I've been wanting to comment on Robert Nardelli's resignation as CEO of Home Depot for some weeks. Actually not the resignation per se, but on one prevalent theme that media commentators have used to explain it. I'll pick on Alan Murray of the Wall Street Journal to start, quoting from his comments on Jan. 4th.
"Some of Mr. Nardelli's numbers were hard to argue with. In six years on the job, he doubled Home Depot's sales and more than doubled its earnings." Mr. Murray then goes on to explain that it was Nardelli's lack of political skills that doomed him more so than performance. To give Mr. Murray credit, he also mentions other performance factors that might have hurt Nardelli as well, including poor stock price returns, and pushing Home Depot into the "low margin wholesale business".
Matt Koppenheffer of the Motley Fool says it more directly. "Had Home Depot's stock price headed up and to the right during Nardelli's term, investors might very well be patting themselves on the back for money well spent on a great executive." Essentially, because the market stubbornly refused to reward Home Depot shareholders for Nardelli's great management, he was forced out, with his only real sin being his arrogance.

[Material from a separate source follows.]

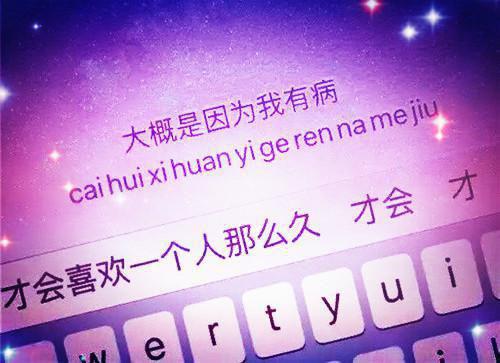孕前不排毒 宝宝影响大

Is Home Depot really a better company for Nardelli's efforts? Let's look at the numbers. Nardelli is credited with doubling earnings and sales in six years, a compound annualized growth rate of about 12% per year. But in the single year before Nardelli took over, Home Depot grew sales 26% and earnings almost 50%. At that pace sales would double every three years, not six.
So it's a myth that "Bob Nardelli doubled sales at Home Depot", those sales were doubling whether he was there or not. Sales actually grew much slower under his watch. That's not necessarily bad, Home Depot was growing fast enough that it would soon run into saturation problems. But almost any CEO running Home Depot would have come close to doubling sales, so why credit Bob for that?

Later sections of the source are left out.